I take it that these features are intended to be human-like.

>8. Natural language output including construction of a search narrative
>describing the reasoning used for a particular search.

This feature is not human-like. Humans can generally say what they looked at,
but cannot say much about why. Humans can give reasons and explanations that at
first seem fully-worked out ("it exploits the light-square weakness"), and
somehow behind the scenes must be, but if you probe ("why that move rather than
another one?") you quickly come to a level where the answers are "because it
looked right" or "that's the one that came to mind".

Another way to say it is that humans use pattern matching and planning in a way
that's "extensive" but not "explicit". The knowledge is implicit, somehow
encoded in low-level routines (perhaps largely perceptual routines) that people
don't have conscious access to the details of, only the results of.
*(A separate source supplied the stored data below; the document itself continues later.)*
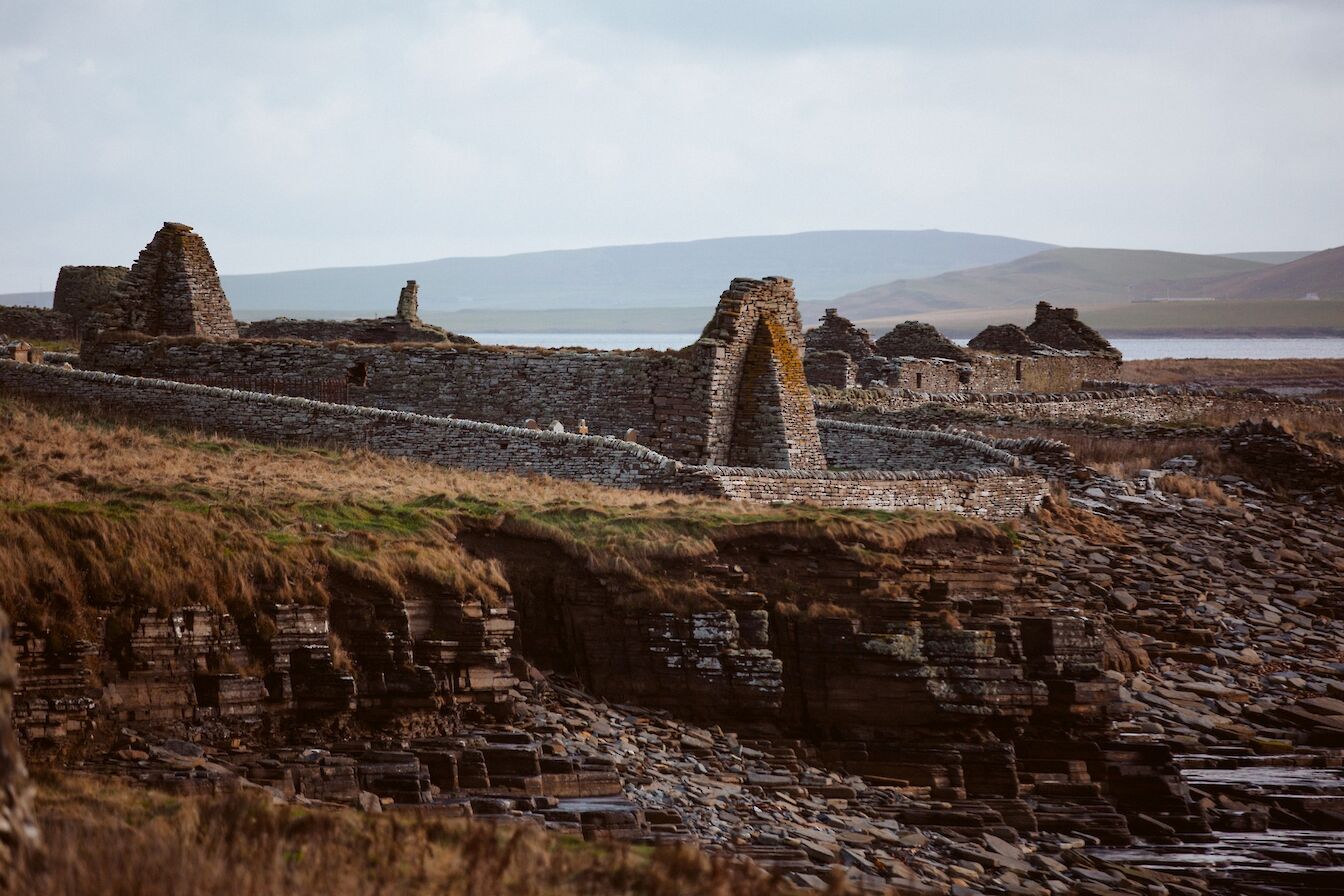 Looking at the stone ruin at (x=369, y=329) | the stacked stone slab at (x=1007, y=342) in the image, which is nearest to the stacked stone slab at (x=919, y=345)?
the stacked stone slab at (x=1007, y=342)

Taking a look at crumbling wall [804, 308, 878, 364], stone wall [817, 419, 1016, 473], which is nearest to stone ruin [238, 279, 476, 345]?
stone wall [817, 419, 1016, 473]

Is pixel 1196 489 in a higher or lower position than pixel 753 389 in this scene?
lower

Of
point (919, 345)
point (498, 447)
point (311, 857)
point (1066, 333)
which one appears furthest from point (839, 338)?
point (311, 857)

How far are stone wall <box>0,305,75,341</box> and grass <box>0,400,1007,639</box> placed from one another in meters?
17.3

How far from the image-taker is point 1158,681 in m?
19.6

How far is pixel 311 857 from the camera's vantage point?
8.51 metres

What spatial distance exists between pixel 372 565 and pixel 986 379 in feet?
124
That is, of course, why we don't have human-like programs today: Nobody knows
what humans do.

Since so much human chess thinking happens at the perceptual level (or perhaps
you could vaguely say the "intuitive" level; below the cognitive level, anyway),
I'm doubtful that a symbolic approach is human-like. I suspect that human chess
skill may have a lot to do with exploiting high-level statistical patterns in
the data, which is not a traditional Newell-and-Simon-General-Problem-Solver
kinda activity.

But at another level, that doesn't matter. It's research, what matters is how it
turns out. Go for it!

>10. To perform a search with a mean time of less than one minute.

Because that's how patient you are when debugging?

If I were working on a similar chess program, one of my goals would be to
reproduce the human profile of chess strength versus time spent per move.
Traditional programs find that humans become tougher opponents as the time
control increases. This appears to be true at all time controls from blitz
through correspondence.

Full-width searches slow down exponentially with depth. I interpret the time
control finding as meaning that the human "algorithm" may have asymptotic
behavior better than exponential. That's speculative, but it's true across the
data range we have available today. If it's true it's deep and powerful; it
means traditional chess programs are on the wrong track in the long run, and
it's a hint that computers may be able to play far more strongly than we realize
today.

If Symbolic can ever play even (while trying its best) with one single human, of
any rating, across all time controls, that would be strong evidence that its
play is human-like in one essential respect. I would choose that goal ahead of
any time control or rating goal.

>15. To include a kibbutz facility.

That would be an amazing feature indeed, entirely human-like and well worth the
great investment, but perhaps you meant "kibbitz"?